Well their choices are to work at the factories that they currently work at, prostitution, or unemployment and starvation. They are picking the best choice for themselves otherwise they wouldn't be there. Who am I to say that they can no longer work for such a small wage? That's completely their choice and should remain so.
 
Sorry, I just don't see it. My frig is still going strong after 10 years. Vacuum cleaner works fine. My cats have ripped up the sides of my couches, and my kids use them as trampolines, but other than that the furniture is doing fine. To be honest this sounds like unions talking up their importance.

Again, the solution is for people to be allowed to form economic cooperatives. We need to experiment with these things. I see a lot of arm chair analyzing here with very little empirical evidence. We need to let people try things out and see what works best.

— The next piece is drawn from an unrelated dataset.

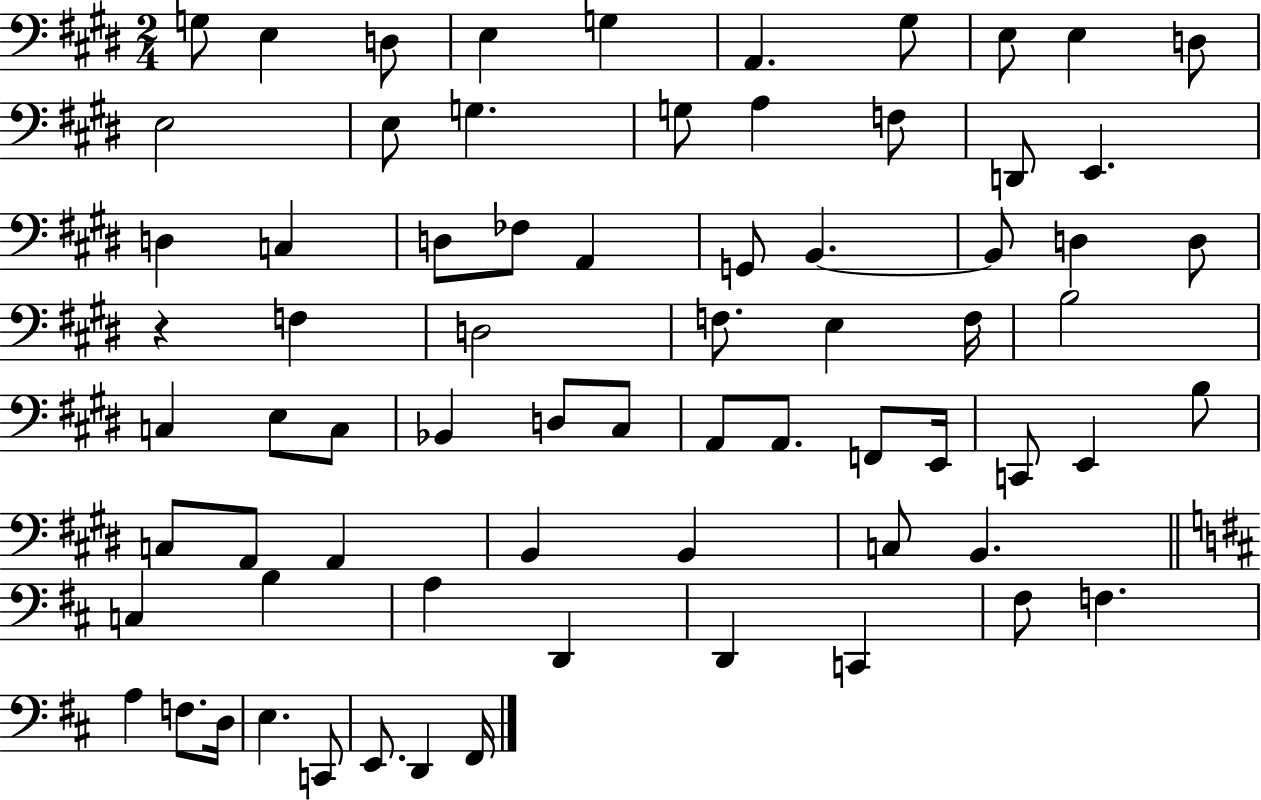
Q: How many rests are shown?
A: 1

My fridge is from the 40's and still going strong. The one in the basement is less than 10 years old made with cheap quality parts and is sputtering and fitting. The ice maker lost its life long ago. The shelves have had the cheap pins sheared off in the first two years. So the door no longer has shelves. Cheap crap. Not a cheap fridge either!

The sofa I have from roughly the 20's is in excellent shape. the original material is still holding strong. The frame is perfect. The seats are strong and springy. the upstairs sofa is about 10 years old. We reinforced the frame. The cushoins are cheap sponge material. The fabric is threadbare. So we cover with high quality sofa covers. It will see the dump long before the downstairs sofa gets retired to be reupholstered. (if that ever needs done!)

We have owned 4 vacuums in 9 years. The next to the last one had a 10 year warranty. I paid over $400 for the priviledge of that warranty with a vacuum. Within 3 years of purchase we learned the company no longer honors the warranty because the parts do not exist to fix it. The last vacuum we bought at a cost that would be disposable in two years the average life expectancy of most market vacuums. We are removing the carpets and the vacuum will not be an issue.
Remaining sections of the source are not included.